No one is more qualified than I to write this article. I’ve been officiating wedding ceremonies since 2002 and I’ve met MOBs of every type.

Because I’ve performed so many weddings, many people have asked me whether Bridezillas are everywhere or whether they are just another interesting urban legend.  I have had very few out of control, demanding brides.  However, I’ve dealt with more than my fair share of domineering, pushy, controlling mothers.  Hence my self-appointed expertise in this area!  In addition, I’ve been the MOB myself–twice.  And if you are an MOB and reading this, thinking how hard it is to walk the fine line between being helpful and being pushy as your starry-eyed engaged daughter goes through the wedding planning process, then visualize how more delicate the task if you are concurrently MOB AND a wedding professional yourself. White lace and promises, not so much!

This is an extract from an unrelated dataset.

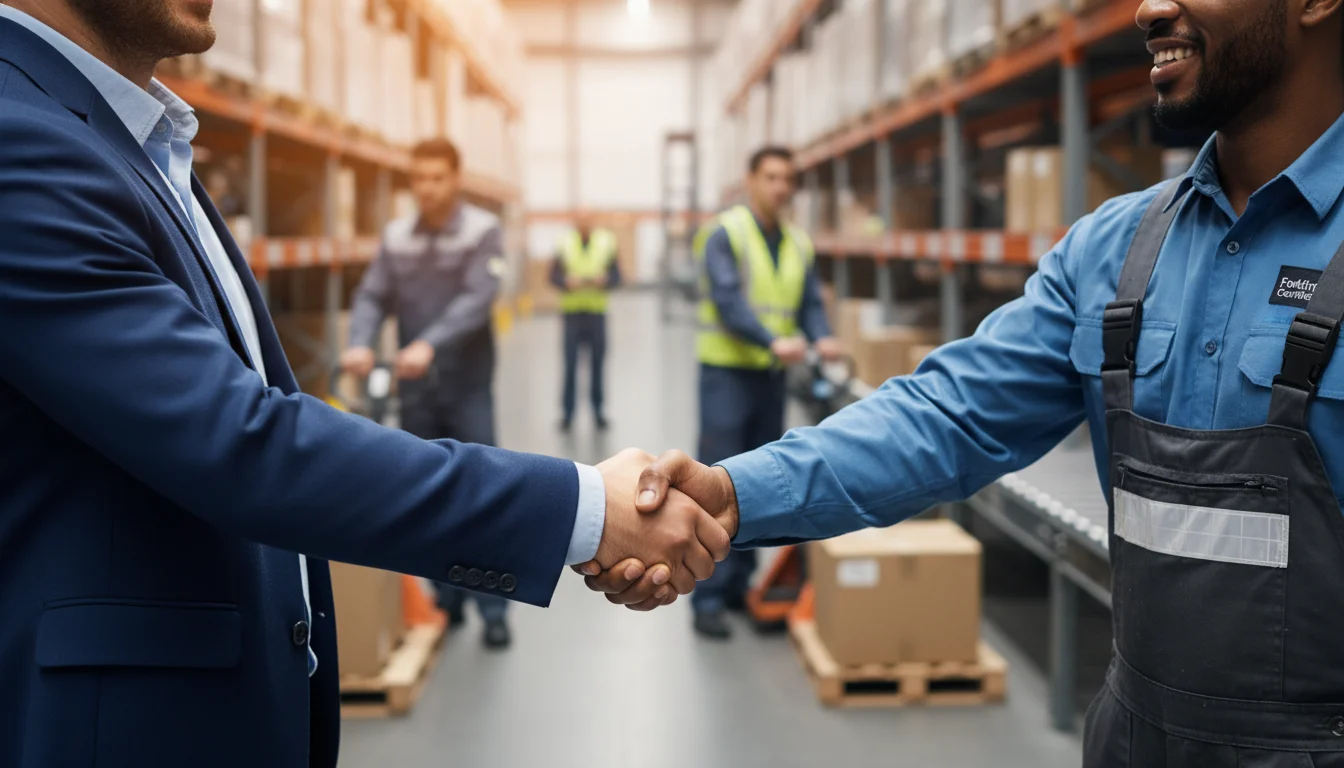 Quick Placement - warehouse recruitment and logistics staffing solutions..png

Welcome to my world! Mom, I feel your pain. I’ve walked a mile in your wedding pearls, pumps and pantyhose. Don’t worry; we’ll muddle through this together.


1.  The first commandment is: Know thy Daughter. This may sound like common sense, but sometimes when emotions come into play as well as the anticipation of spending gobs and gobs of cash for this one-day extravaganza, common sense can easily be thrown to the wind.  Throw in the media and industry hype that surround the Wedding Day (always capitalized) and it’s easy to get crazed before you even start.

My two daughters are as different as night and day. Bethany, the oldest, married in 2004, was only 22 at the time of her wedding and fresh out of college. Alyssa, wed in 2009 at 24, had a couple of years of being on her own under her belt. Bethany had some definite ideas about what she wanted, but was generally pretty open to suggestion. She also didn’t get too worked up about the small stuff, being perfectly okay if Mom handled details like the cake server, the ceremony programs, and the flower girl basket.

My daughter Alyssa, is a bit more ‘detail oriented’, she had to be hands on with virtually everything and approve all details right on down to the fold of the napkins at the rehearsal dinner.  I did find myself having to go out and buy the hurricane globes for the Unity Candle as time was running out in Alyssa’s busy schedule, and you’d better believe I scrutinized every globe in the store to get ones that would confirm to Alyssa’s precise standards.  Bear in mind that this is the child who, upon telling me of Joel’s proposal, exclaimed, “Mommy, I want to wear a veil AND a tiara!” (and she did). This was opposed to her sister who wanted nothing to do with the fuss of a veil on her wedding day.

Bethany’s wedding was in-town, at the Lumber Baron Inn–an urban Bed and Breakfast, on the Sunday of Memorial Day Weekend in May.  Alyssa’s wedding was at Mt. Princeton Hot Springs–a mountain resort three hours away from our home, on a Friday evening in August.   (This brings up another significant  issue. If you are lucky enough to be blessed with two or more daughters, suggest that they have events that are different in feel from their sister’s. There’s nothing more annoying than sister-sibling domestic rivalry. Making the experience totally different helps remove comparisons.)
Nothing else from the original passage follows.